Modello Calabria, riportare tutto a 'uno'. Un rischio per tutta la politica italiana
Istituzioni ed economia
In questi ultimi giorni, a ridosso delle elezioni regionali, molti commentatori - di destra e di sinistra - si sono esercitati sul tema dell'unità tradita e del proliferare correntizio, come causa della debolezza dei partiti. Solo a prima vista, a mio parere, queste giuste critiche possono considerarsi rivolte contro la feconda pluralità di "anime" esistenti in un soggetto politico. Ad essere disgregativa e a portare al collasso i partiti come istituzioni, tanto sul piano nazionale quanto sul piano locale, è la “ricapitolazione” della dinamica politica sull’uno, sull’unico, cioè la chiusura sul presunto e cosiddetto leader dell’insieme dei mezzi, dei fini e delle relazioni, da cui è costituita l’attività partitica.
Si tratta di una dinamica che va molto oltre la “personalizzazione” della politica contemporanea e rimanda invece all’antica immagine dei maggiorenti (signori delle tessere o della spesa locale) che si trasformavano in signori della guerra, dentro partiti che si trasformavano per ogni congresso o elezione in un teatro di sanguinoso conflitto fratricida. Questo fa degenerare in “correnti”, cioè in un meccanismo di controllo e rendita interna, le componenti culturali che dovrebbero avere una forza aggregativa e espansiva esterna.

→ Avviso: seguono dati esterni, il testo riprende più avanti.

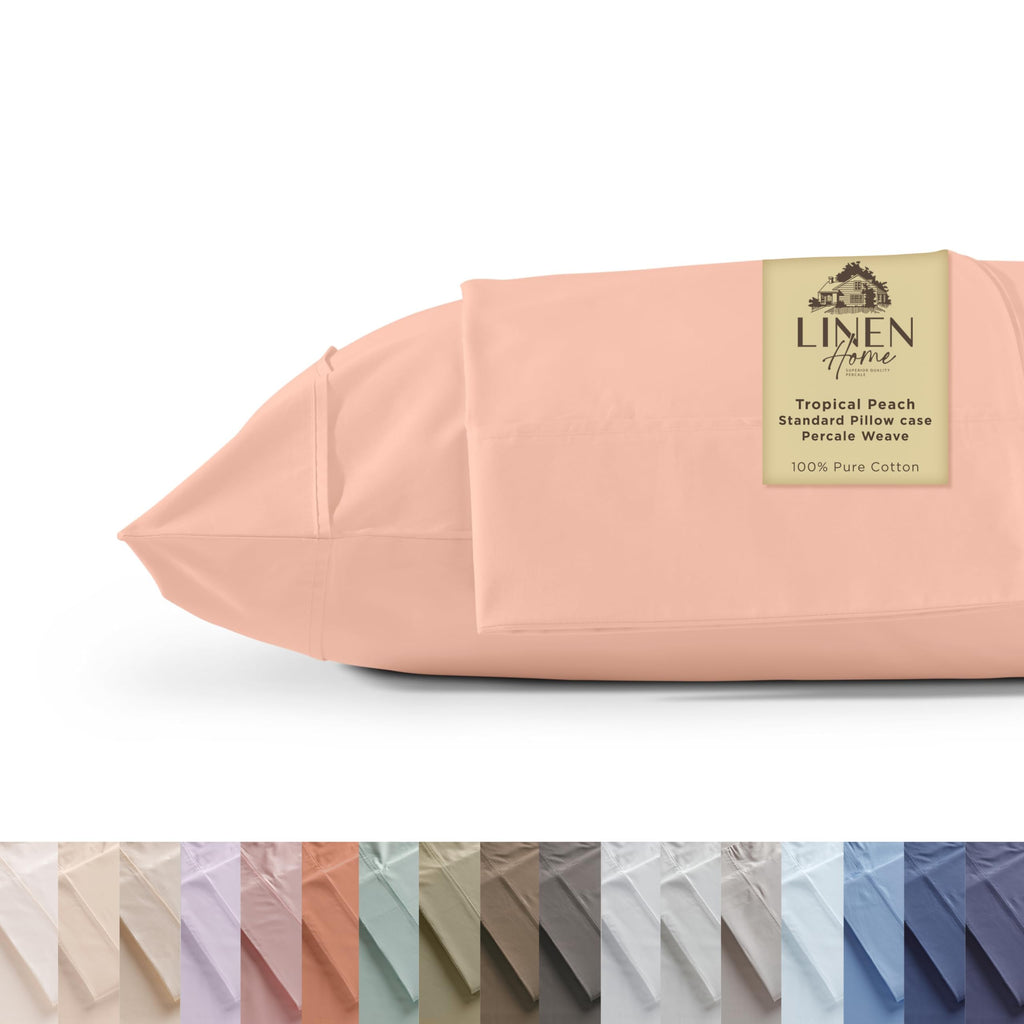 100% Cotton Percale Pillowcases,2 Pieces of Pillow Case, Crisp and Cool Strong Bed Linen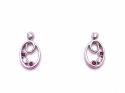 Silver Oval 3 Stone Ruby and CZ Stud Earrings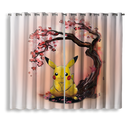 Pikachu Cherry Blossom Window Curtain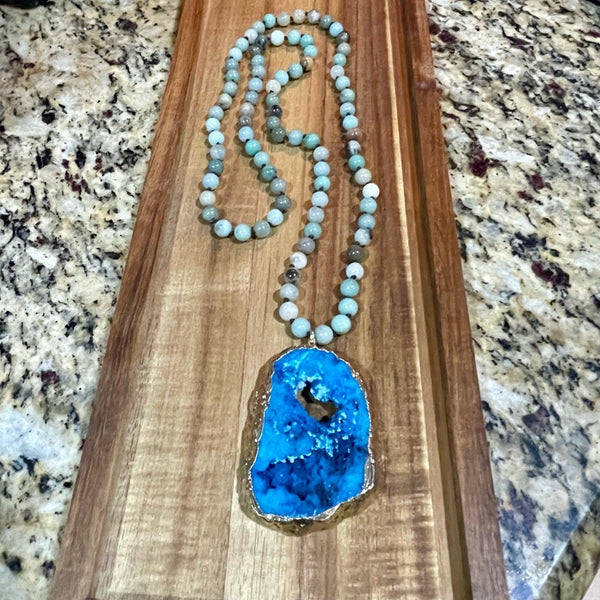 Boho Precious Stone Knotted Irregular Natural Blue Druzy Pendant Long Necklace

Tale processo è particolarmente diffuso nelle aree territoriali più refrattarie ad allontanarsi dai modelli consolidati e disponibili solo a adattare il vecchio correntismo partitocratico al nuovo leaderismo carismatico o supposto tale. E si tratta di aree che a questa resistenza devono addebitare il proprio sottosviluppo politico e civile e di conseguenza l’inefficienza di governo. Da questo punto di vista, la Calabria rappresenta purtroppo un vero paradigma e alle ultime elezioni regionali non ha mancato di dimostrarlo.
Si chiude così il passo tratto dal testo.